For some curriculum developers bringing math and Indigenous perspectives together involves “unfreezing” mathematics within cultural practices (for example coding in beading or cones in tipis). But for Dr. Danny Luecke it is through the perspectives of Indigenous Elders (Lakota), sharing their knowledge and worldviews through the D/Lakota language that provides opportunities for learning and revitalizing Lakota mathematics.
Growing up on Očhéthi Šakówiŋ and Anishinaabe land, now known as Fargo, North Dakota, Danny is of mixed ancestry being from the Choctaw Nation and multiple European nations. However, Danny described that most of his experiences are from “a privileged white guy” perspective. So, as a way to reconnect and honor his own Indigenous heritage, Danny decided that during graduate school he wanted to learn and work with Indigenous communities in the place he grew up.
With great pleasure, we’d like to extend our heartfelt congratulations to Dr. Danny Luecke for successfully completing his Ph.D. in Mathematics and Mathematics Education at North Dakota State University.

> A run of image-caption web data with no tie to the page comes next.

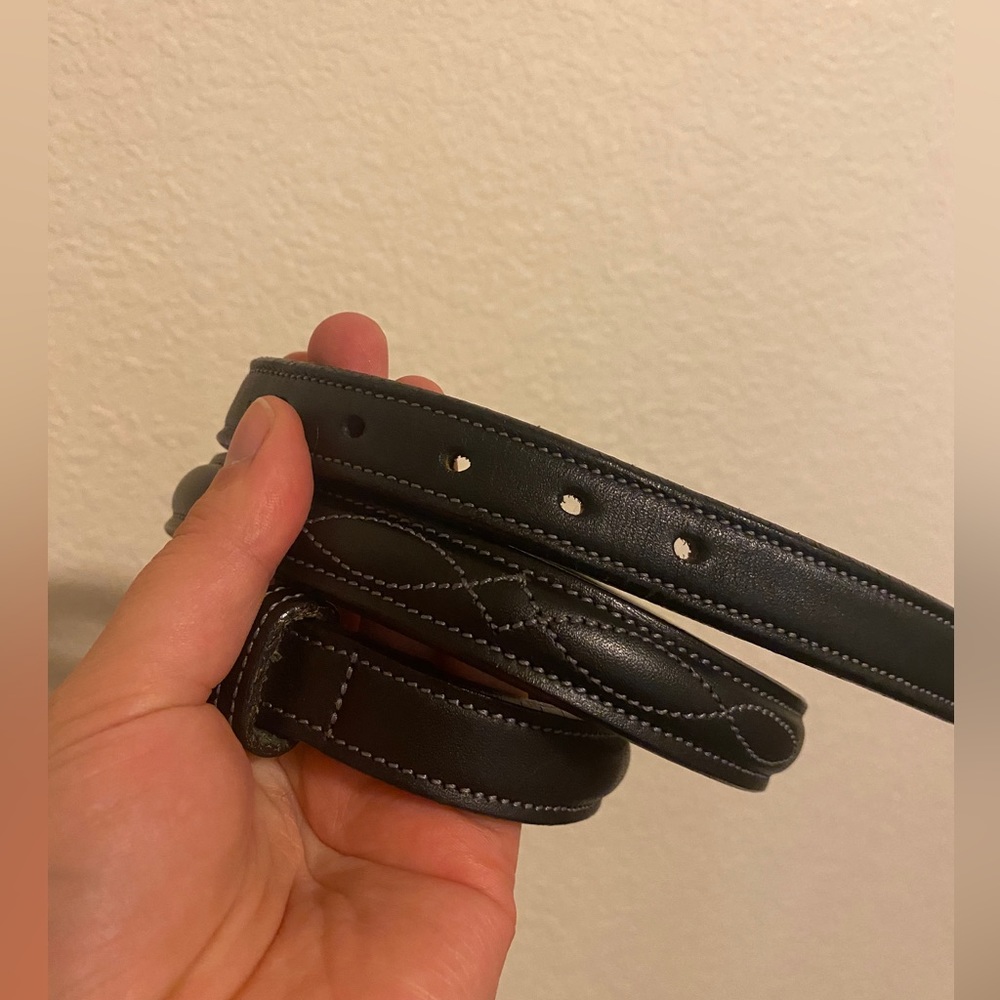 Tory English Bridle Leather Belt, size 30, black with gold buckle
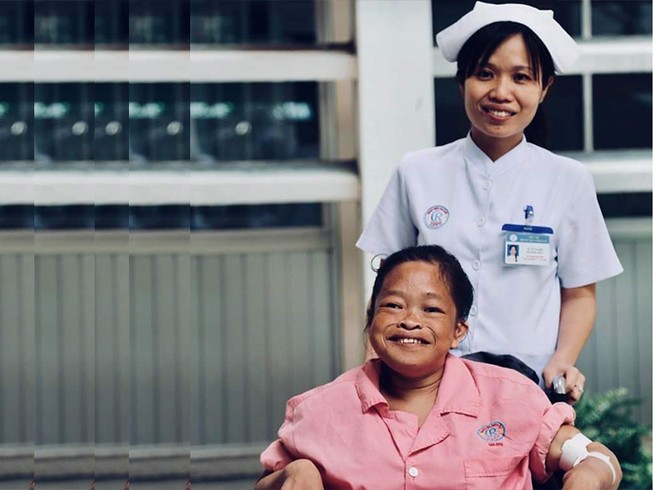 Điều dưỡng hát tiếp sức cho cô gái mù suy thận
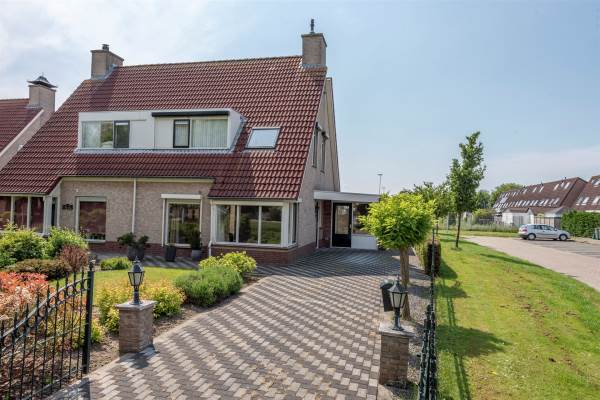 Woning Burg. Korstanjestraat 45 Klaaswaal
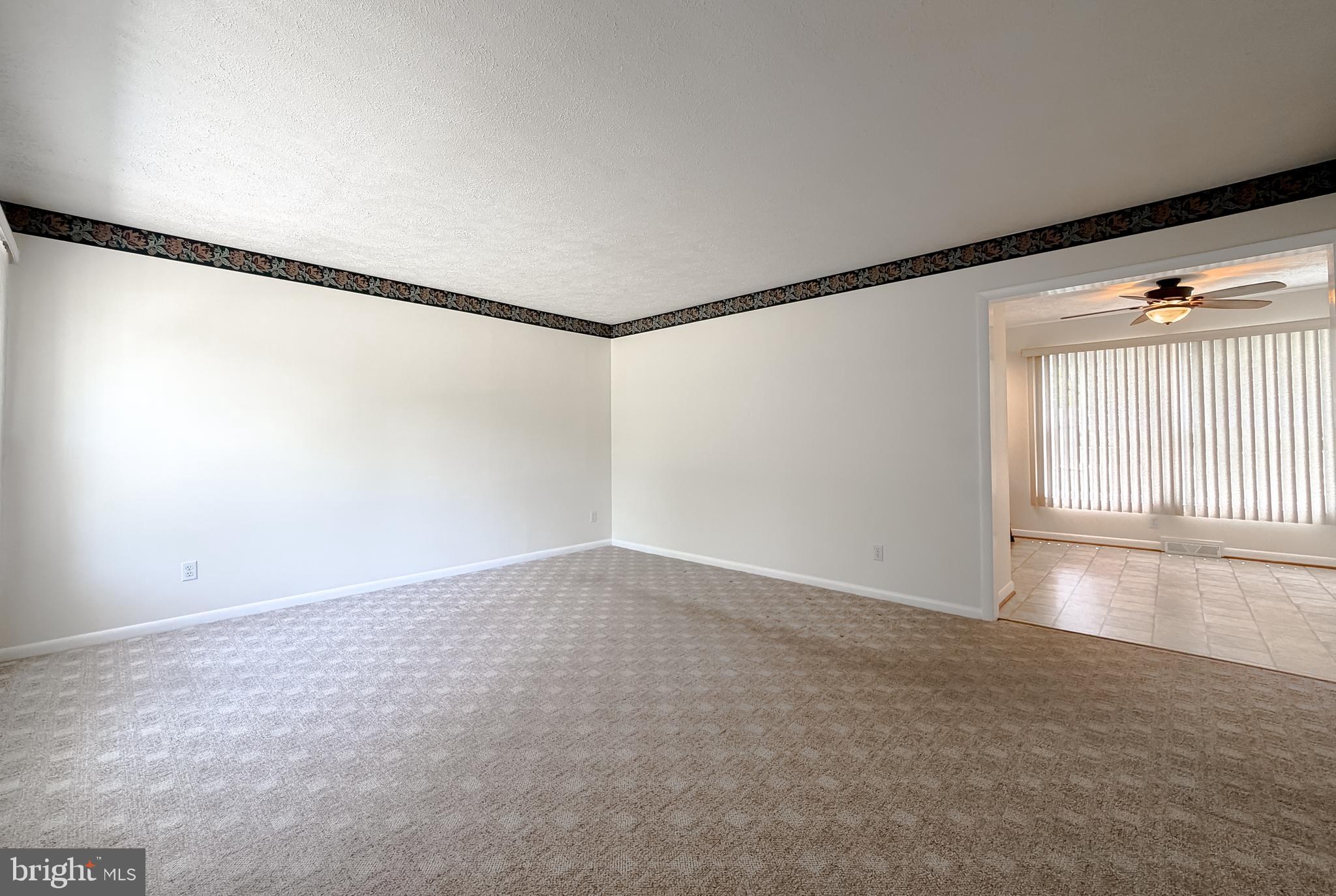 N HOLLYWOOD - Residential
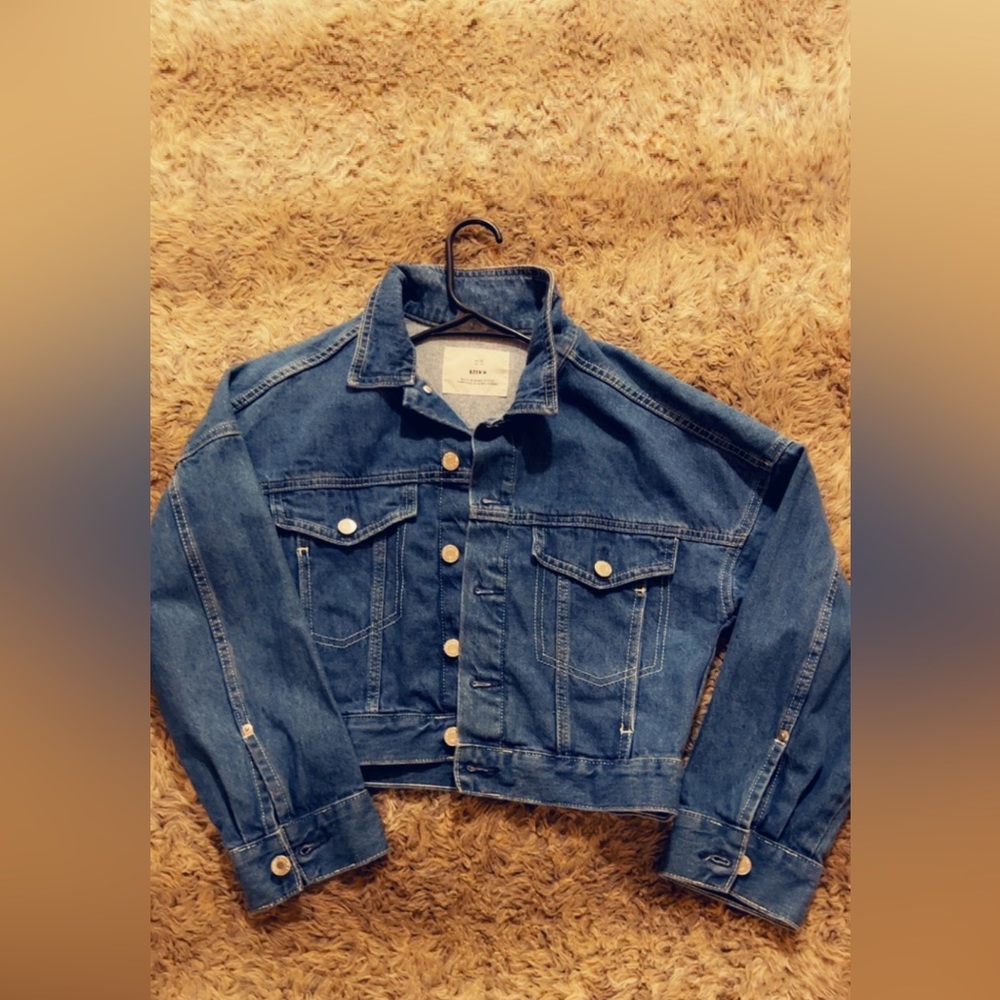 Super cute jean jacket for sale! Goes with everything 🫧🫧🛼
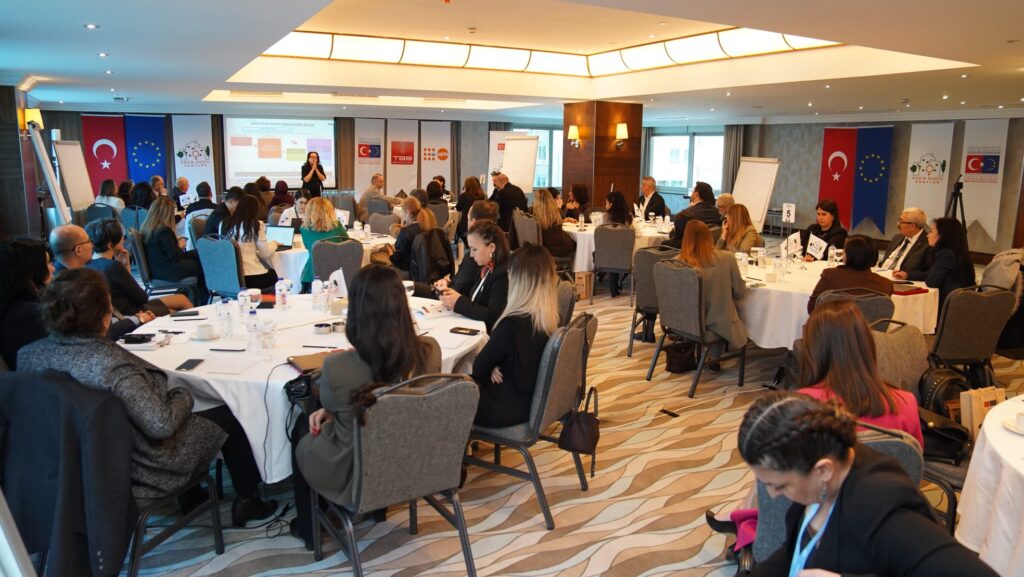 Adana Büyükşehir Belediyesi, Kadın Dostu Kentler Programı kapsamında Ankara’da çalıştaya katılım sağladı.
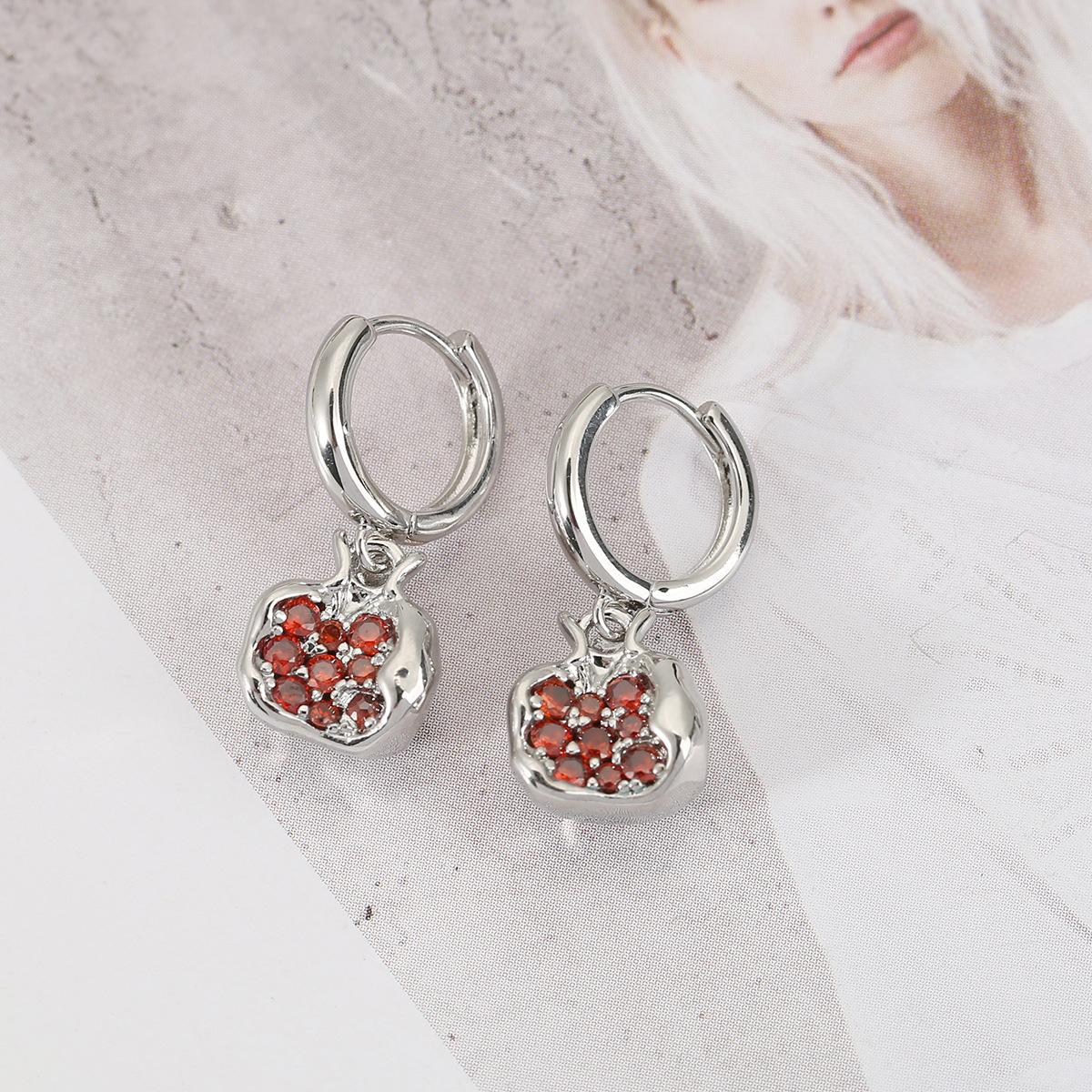 

Cute 3D Pomegranate Fruit Zircon Ear Cuffs Irregular Design Fun Niche Earrings For Women Fashion Jewelry серебряный
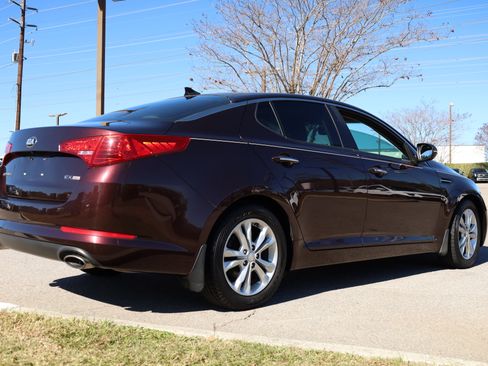 Used 2013 Kia Optima EX w/ Premium Pkg image 5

His remarkable journey and community-based research, conducted in collaboration with Sitting Bull College on the Standing Rock Reservation have further advanced the exploration and promotion of D/Lakota-based mathematics.
“Math fluency and language fluency can grow together.”
Danny’s work explores connections between language and math, local teachings, and culture. A focus is bridging mainstream math concepts and Indigenous ways of knowing.Danny described his doctoral research as co-constructing with community members and elders a mathematics curriculum to be taught in the D/Lakota language. Danny worked with the community to understand what they wanted as a result/product of his research and what should be the next steps after the research.
He found that the community wished to design a sort of reference book where they could return to review what they have learned during the process and use this type of guide for future learning in the community. Danny is also working to establish details regarding the “data sovereignty” of this math community knowledge, so that the project protects and supports the work of the Standing Rock Department of Education. You can view the work in progress resource material on the Standing Rock Lanuage and Culture Institute web portal called Othokahe by creating an account and self-enrolling in the math connections course.
“[…] there is a connection between the language, culture, and personal identity […] often in Western teaching approaches, there is a math class and there is a language class, and they are pretty much separate […] So an indigenous way of teaching and learning is the opposite. And so that’s kind of one big idea that I think about often that math fluency and language fluency together.”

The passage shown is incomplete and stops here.